I want to introduce you to some misunderstood plants.
Most of us think of thistles as weeds – most of the ones we see along roadsides and field edges are not native and very aggressive. But there are several native thistles that are well behaved, and will even grow well in gardens. I’ve planted three species of native thistles in our prairie meadow. One of them is blooming right now.
Field Thistle is a very tall biennial. The first year it produces only leaves in a rosette close to the ground; the second year it grows a tall flowering stalk, and then dies after it flowers and goes to seed.
Here it is blooming in the Prairie Meadow on August 20, 2013.

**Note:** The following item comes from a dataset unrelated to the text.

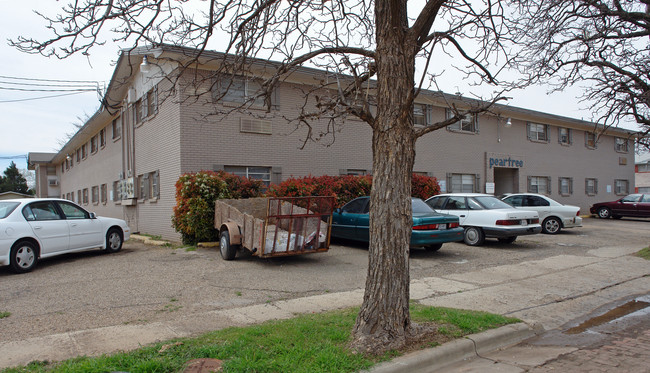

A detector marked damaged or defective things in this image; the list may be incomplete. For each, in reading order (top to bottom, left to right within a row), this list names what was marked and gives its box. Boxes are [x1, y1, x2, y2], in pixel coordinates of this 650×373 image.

Here are the other two thistles I planted in the prairie meadow. Neither has bloomed yet, so these photos are from our farm.
Swamp Thistle in our wetland at the farm
Tall Thistle – This is a REALLY tall thistle – sometimes as much as 10 feet tall. It grows in shady woods or woods edges.

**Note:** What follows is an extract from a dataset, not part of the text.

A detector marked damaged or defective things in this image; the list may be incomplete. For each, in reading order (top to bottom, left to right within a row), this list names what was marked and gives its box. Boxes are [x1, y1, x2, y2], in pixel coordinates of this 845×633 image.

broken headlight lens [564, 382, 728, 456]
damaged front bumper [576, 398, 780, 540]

It’s hard to get a photo of what the whole plant looks like because it’s so tall, but here’s one that’s about 7 feet tall.

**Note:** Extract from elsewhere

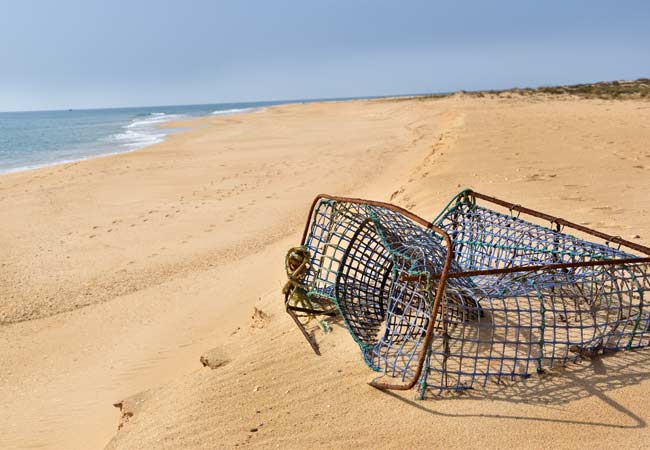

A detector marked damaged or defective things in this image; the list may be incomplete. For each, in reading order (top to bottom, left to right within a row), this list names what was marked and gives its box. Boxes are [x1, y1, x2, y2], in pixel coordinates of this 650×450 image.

rusty crab trap [282, 190, 648, 398]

All kinds of insects nectar on thistle flowers. Here are a few examples.
Bumble bees, Soldier Beetles, and other unknown beetles on Field Thistle
Giant Swallowtail Butterfly on Field Thistle
Monarch Butterfly and Fritillary Butterfly on Field Thistle
Painted Lady Butterflies lay their eggs on thistles, and their caterpillars eat the leaves. The caterpillars build a ‘nest’ of silk along the stem and retreat into it for protection. This is a Painted Lady caterpillar nest on Field Thistle.
Here’s a photo of an adult Painted Lady butterfly.
Goldfinches also use thistles. Unlike many songbirds, Goldfinches don’t start nesting right away in the spring. They time their nesting to coincide with the maturing of the thistle seed heads. They eat the seeds and use the seed fluff to line their nests.
Goldfinch nest lined with thistle fluff
So please take a new look at thistles, and enjoy the ones that are blooming in our prairie meadow. If you visit the flowers during the day, you’ll probably be able to watch some birds or insects visiting them.